Jimmy Garoppolo is set to miss more time this season due to the high ankle sprain that's been bothering him since Week 2. Given Garoppolo's performance this year and his contract situation, the 29-year-old quarterback could be in his final few months with the San Francisco 49ers.
Garoppolo was very good in 2019 and appeared to justify the five-year, $137 million contract ($90 million guaranteed) San Francisco gave him. He utilized the fantastic weapons at his disposal effectively despite struggling with turnovers. He also led the 49ers to the Super Bowl, where he collapsed late, helping the Kansas City Chiefs come away with the Lombardi Trophy.
The version of Garoppolo we saw in the Super Bowl is the version we've seen in 2020. During the 2019 regular season he completed 69.1 percent of his passes for 3,978 yards, averaging 8.4 yards per attempt, with 27 touchdowns and 13 interceptions. In 2020, he's completing 67.1 percent of his passes for 1,096 yards, averaging 7.8 yards per attempt and has thrown seven touchdown passes and five interceptions. He has regressed across the board.
That's bad news for Garoppolo as the 49ers face a big decision this offseason. If they decide he's not the future of the franchise, they can cut their quarterback and only face a cap hit of $2.8 million in 2021 and $1.4 million in 2022. That would save them $24.1 million in cap space in 2021 alone.

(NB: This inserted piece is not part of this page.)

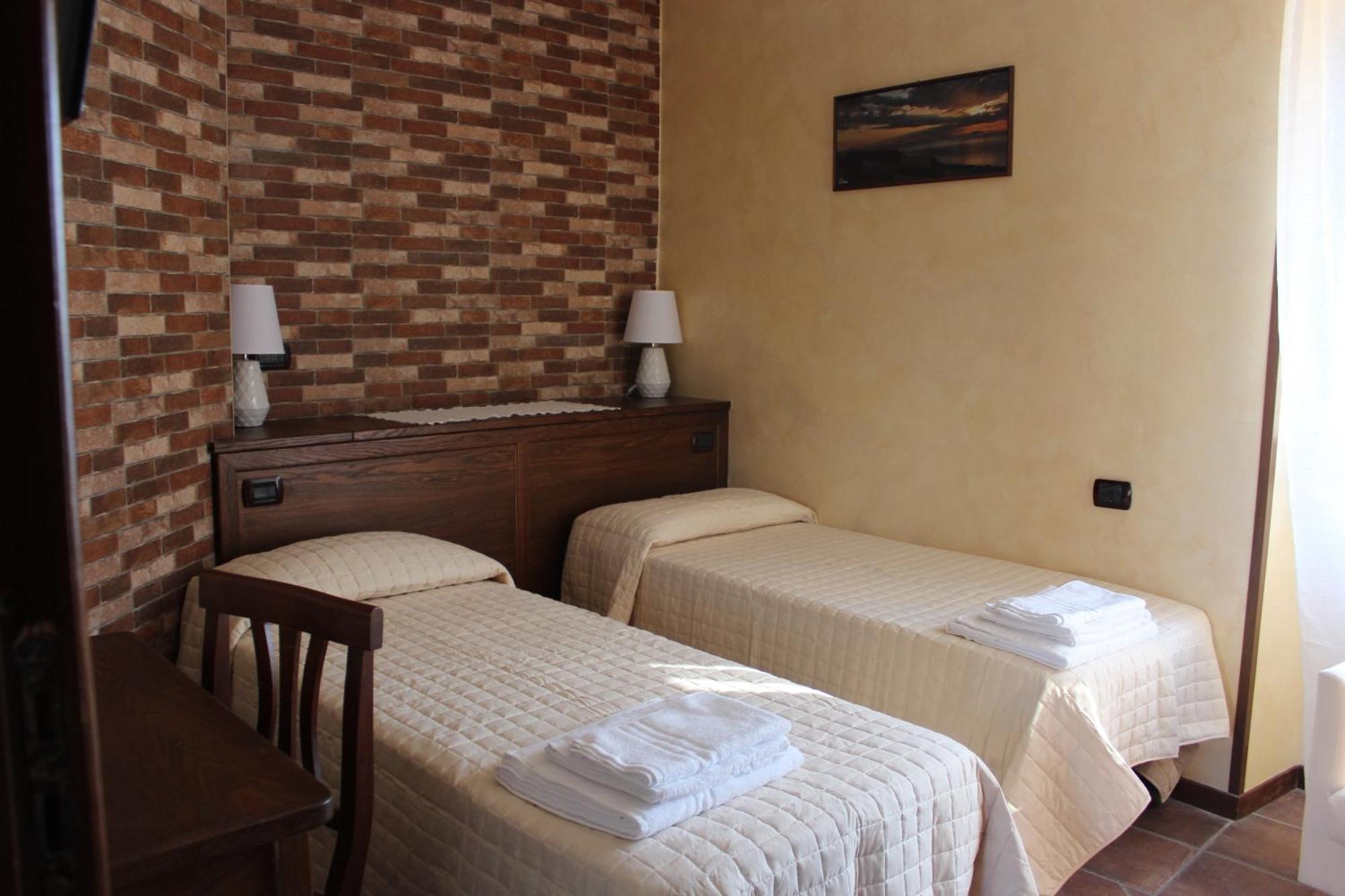 B&B Rivellini Tropea Luaran gambar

If the 49ers keep him, Garoppolo will cost $29.6 million against he cap.
When you look at the NFL landscape a few quarterback should be available via trade during the 2021 offseason. With the Jets heading towards the No. 1 pick, would they be willing to trade Sam Darnold out West to give 49ers head coach Kyle Shanahan a new project? Or would the Atlanta Falcons be willing to trade Matt Ryan and reunite Shanahan with the guy he guided to Super Bowl LI? There are other possibilities out there that include selecting a young quarterback in a QB-heavy draft class.
The 49ers have options moving forward and one of them is dumping Garoppolo and starting over with another quarterback. The problem is, San Francisco has a roster built to compete now and resetting things with a new signal-caller might not be the smartest move.
The next few months should be fascinating for the 49ers.